[[ Information, beginning ]]
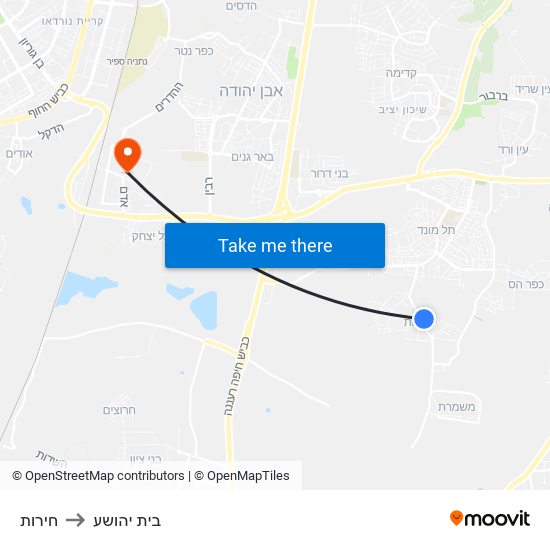 חירות to בית יהושע map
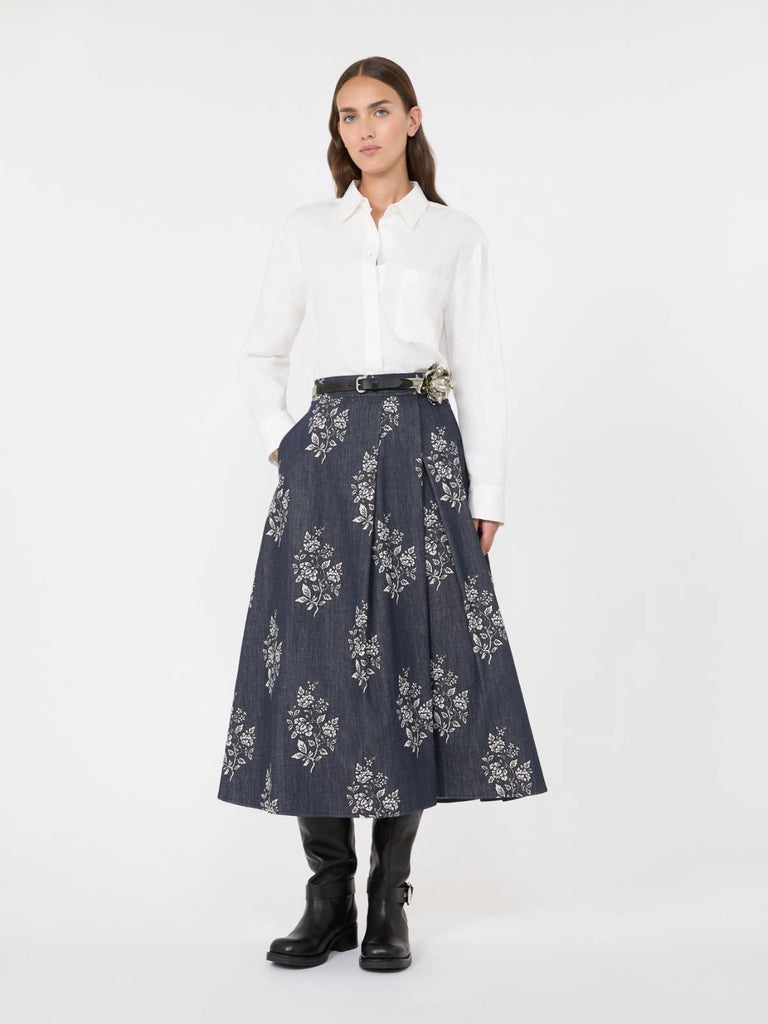 max mara pleated printed cotton skirt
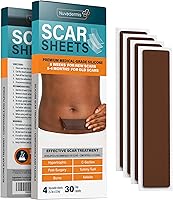 Vista 1 de NUVADERMIS Hojas de silicona para cicatrices – Hojas de cicatrices extra largas de grado médico para cesáreas, abdominoplastia, queloides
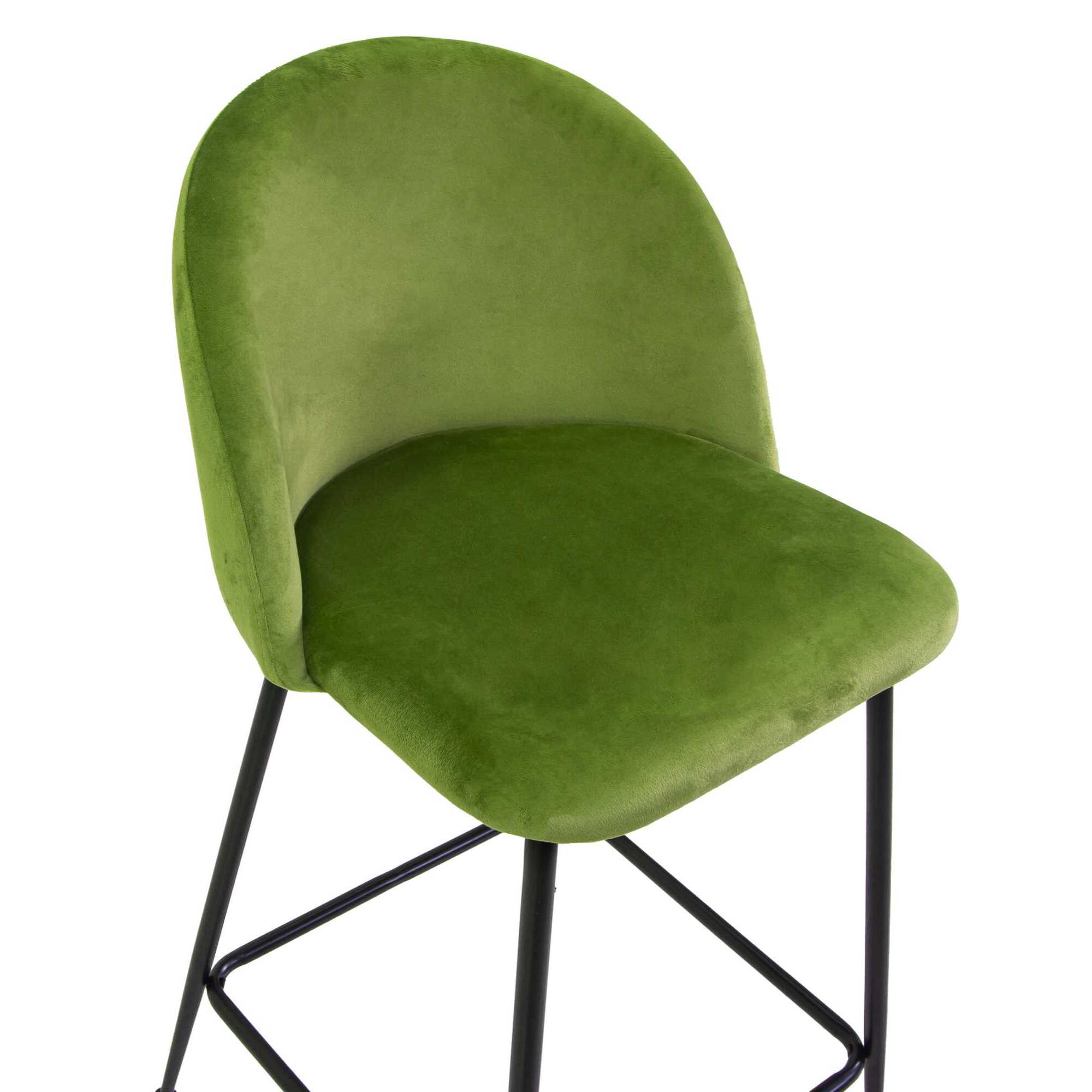 Sgabello Sammi Vacchetti in velluto verde con struttura nera cm44x48h91
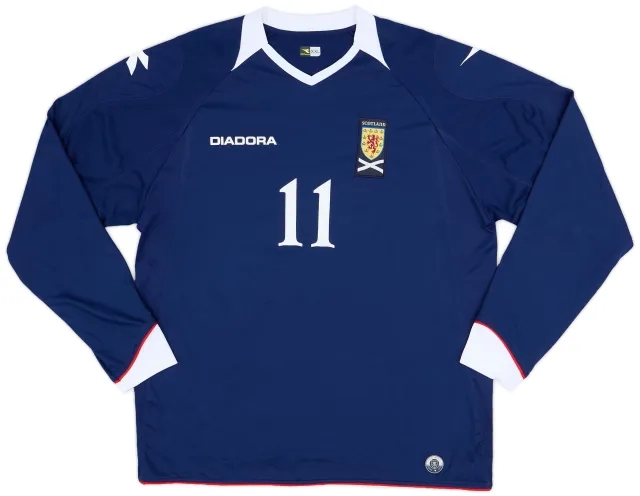 Diadora 2008-09 Scotland Home L/S Shirt #11 - 9/10 - (XXL)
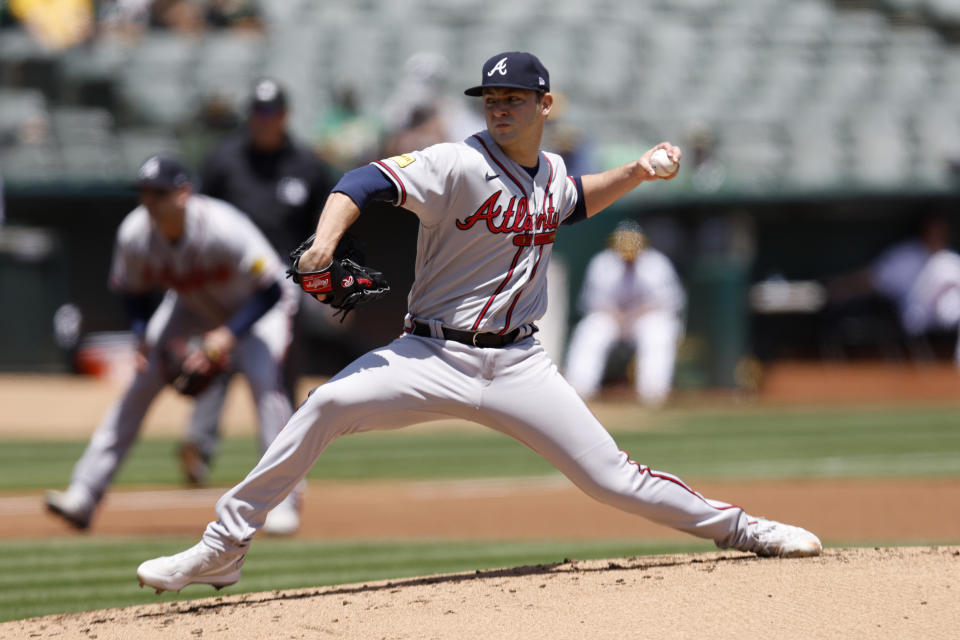 Atlanta Braves pitcher Jared Shuster (45) throws against the Oakland Athletics during the first inning of a baseball game in Oakland, Calif., Thursday, May 31, 2023. (AP Photo/Jed Jacobsohn)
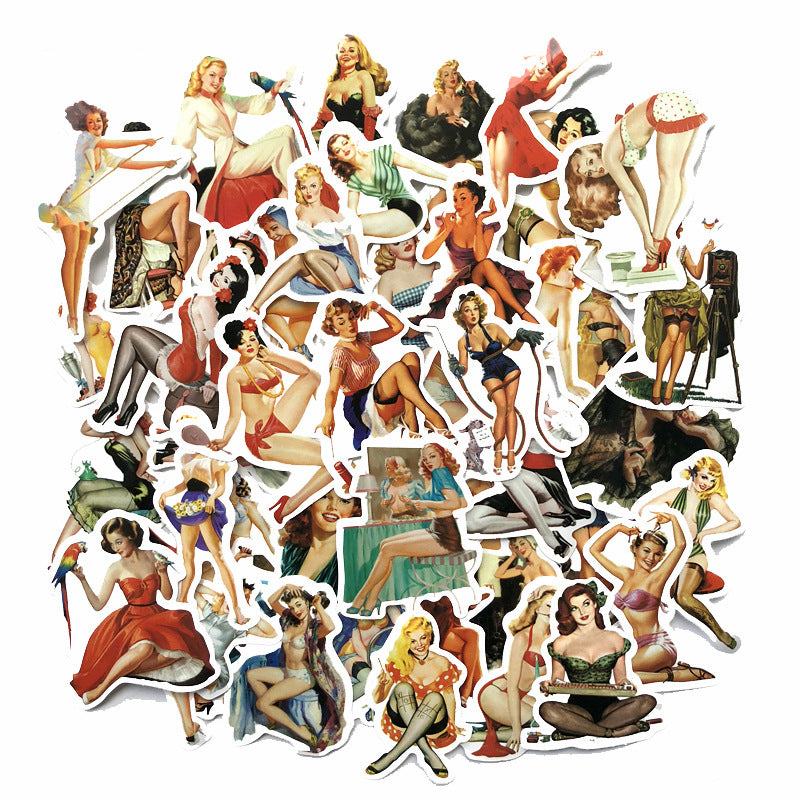 Pin Up Girls 50 Stickers Set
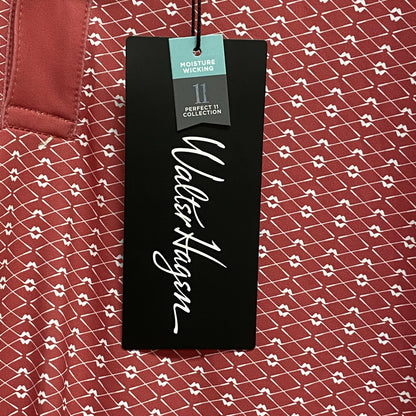 Walter Hagan Mens P11 Geo Club Print Polo Geo Club Dark Coral MGA11476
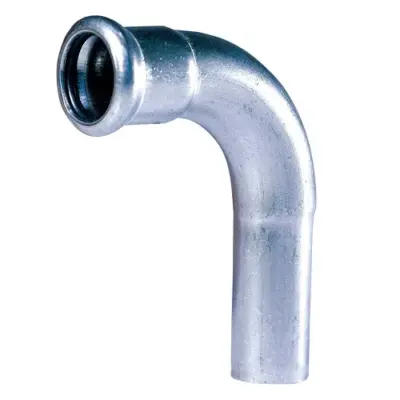 M-Press M-profile press fit x plain OD carbon steel male/female 90 degree bend with EPDM seal, PN16 rated.
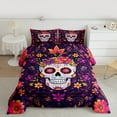 thumbnail image 2 of Manfei Boho Skeleton Skull Queen Comforter Set for Kids, Rustic Groovy Flower Bedding Sets, Hippie Mandala Style Reversible Bedding Comforter Set, Super Cozy Room Decor, 3-Piece, 2 of 8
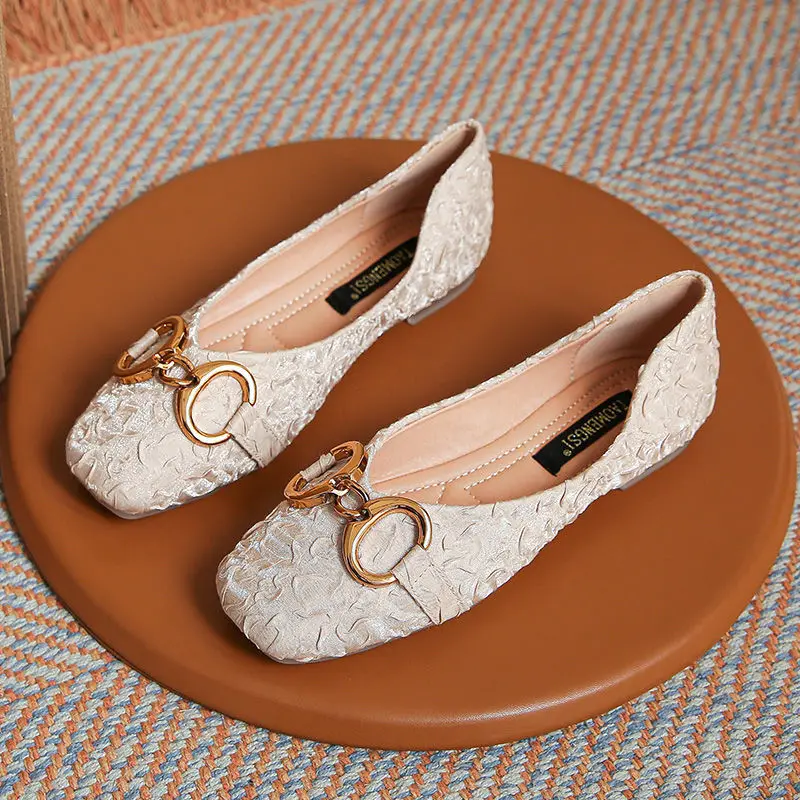 

Дизайнерские белые женские Туфли, балетки на мягкой подошве, сатиновые модные туфли на плоской подошве, лоферы с круглым носком, новинка 2023, ...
[[ Information, end ]]
▸ Required work:
Return, exactly as they stand, the lines from the opening line of the listing through the line with "Diadora 2008-09 Scotland", both ends counted, and no pictures.

▸ Your response:
 חירות to בית יהושע map
 max mara pleated printed cotton skirt
 Vista 1 de NUVADERMIS Hojas de silicona para cicatrices – Hojas de cicatrices extra largas de grado médico para cesáreas, abdominoplastia, queloides
 Sgabello Sammi Vacchetti in velluto verde con struttura nera cm44x48h91
 Diadora 2008-09 Scotland Home L/S Shirt #11 - 9/10 - (XXL)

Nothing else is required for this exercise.